İSLAM'DA KADIN HAKLARI
Düşünce – İslam Hukukunda Kadın Hakları / Drs.Mustafa ÖZCAN
Bir önceki sayımızda bir davada şahitlik etmekte temel prensip olarak iki erkeğin şahitliğinin söz konusu olduğu, şahitliklerin kadın ve erkekten oluşması halinde bir erkeğin yanında iki kadının bulunması gerektiği hususundan söz edilmişti. Bu sayıda bu hükmün sebep ve gerekçelerini ele alacağız.
Kadının şahitliği meselesinde akla şöyle bir soru gelebilir: Islam hukukunda bir erkeğin yanında tek kadının şahitliği niçin yeterli görülmemiştir.? Bu soruyu şu sorular da izler: Erkekle beraber şahitlik edecek kadının yanında bir kadın daha bulunması niçin gerekli görül-müştür.? Insan olmakta kadın erkeğe eşit değil midir?
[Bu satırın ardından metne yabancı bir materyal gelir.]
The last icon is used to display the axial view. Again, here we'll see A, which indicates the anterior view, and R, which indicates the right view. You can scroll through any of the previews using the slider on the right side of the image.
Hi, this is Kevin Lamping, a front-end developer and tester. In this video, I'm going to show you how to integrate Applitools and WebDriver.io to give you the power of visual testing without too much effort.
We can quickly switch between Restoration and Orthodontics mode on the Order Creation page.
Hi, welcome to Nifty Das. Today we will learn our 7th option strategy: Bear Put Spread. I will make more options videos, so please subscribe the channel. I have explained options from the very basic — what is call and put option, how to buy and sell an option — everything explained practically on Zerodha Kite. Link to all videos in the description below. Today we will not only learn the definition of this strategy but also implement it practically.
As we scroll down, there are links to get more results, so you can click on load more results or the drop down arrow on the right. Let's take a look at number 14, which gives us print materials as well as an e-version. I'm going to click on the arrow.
Kur’anda: “Biz insanoğlunu şerefli kıldık” (1) buyurulmuştur. Bu özellikte kadın ve erkek ortak değil midir? Şahitlikte bu ayrıcalık nedendir?
Bu mesele ve bu husustaki sorular hep zihinleri meşgul edegelmiştir. Bu meselenin çözümü iki noktada yoğunlaşıyor.
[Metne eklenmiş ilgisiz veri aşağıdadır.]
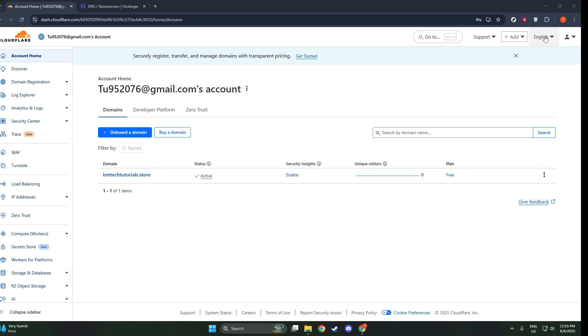Once you've successfully logged in, you'll find yourself on the main dashboard page, which is the command center for managing your domains. Now, let's move on to adding your domain.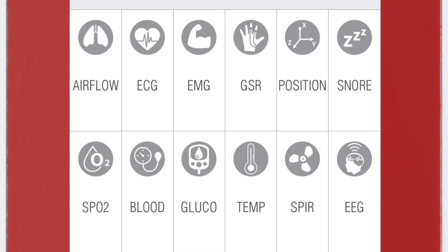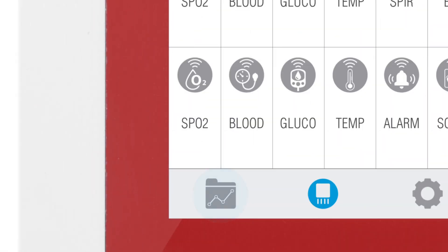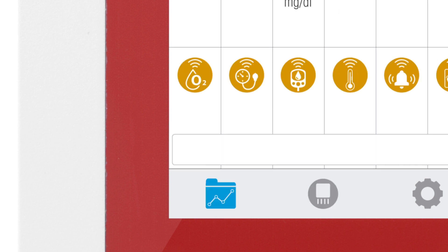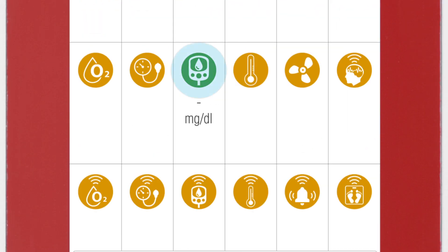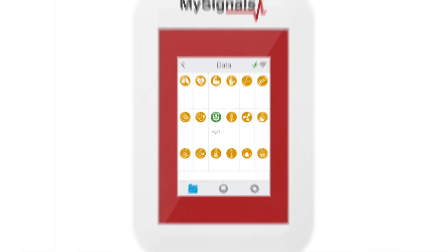You can see all the sensors available. By selecting the glucometer sensor, the icon will turn blue. Then click on the data button to access the data screen and start visualizing the data. Click on the sensor icon to start real-time data visualization.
1- Meselenin dini delil yönünden ele alınması.
2- Meselenin aklî sebep ve gerekçeleri.
Birinci noktayı ele aldığı-mızda öncelikle şunu ifade edelim: Daha evvel şâhitlik konusunu düzen-leyen ayetten bir alıntı yapmıştık. Ayeti tekrar hatırlamamız gerekiyor: “(.......işlerinizde) erkeklerden iki şahit tutun. Iki erkek olmazsa hoşnut olduğunuz şahitlerden bir erkek iki kadın (olsun)...........”(2)
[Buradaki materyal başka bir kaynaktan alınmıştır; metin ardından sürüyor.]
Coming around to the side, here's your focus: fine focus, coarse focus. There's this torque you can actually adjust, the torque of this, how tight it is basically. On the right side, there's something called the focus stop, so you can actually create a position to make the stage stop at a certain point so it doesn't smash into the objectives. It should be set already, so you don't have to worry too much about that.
Öte yandan hadis kaynaklarında da bu meselenin yer aldığını görmekteyiz. Hz. Peygamber şöyle buyurmuştur: “Ey kadınlar topluluğu! Çokca istiğfar ediniz ve sadaka veriniz. Ben cehennemliklerin çoğunun sizlerden olduğunu gördüm.” (Bu sözü duyan) kadınlardan birisi: “Ey Allah’ın Rasülü! Bize ne olmuş ki cehennemliklerin çoğunu oluşturuyoruz?” dedi. Hz. Peygamber: “Siz çok lanet okur, eşinize nankörlük edersiniz. Aklı ve dini eksik olduğu halde, dahâ akıllı bir kimseye sizden çok baskın gelen birini görmedim.” buyurdu. Kadın: “Ey Allah’ın Rasülü! (Kadının) dininin ve aklının eksikliği nedir?” dedi. Hz.Peygamber: “Dindeki eksiklik özel günlerinde kadının oruç tutmayıp namaz kılmamasıdır. Akıldaki eksiklik ise, iki kadının şahitliğinin bir erkeğin şahitliğine denk olmasıdır.” buyurdu.(3)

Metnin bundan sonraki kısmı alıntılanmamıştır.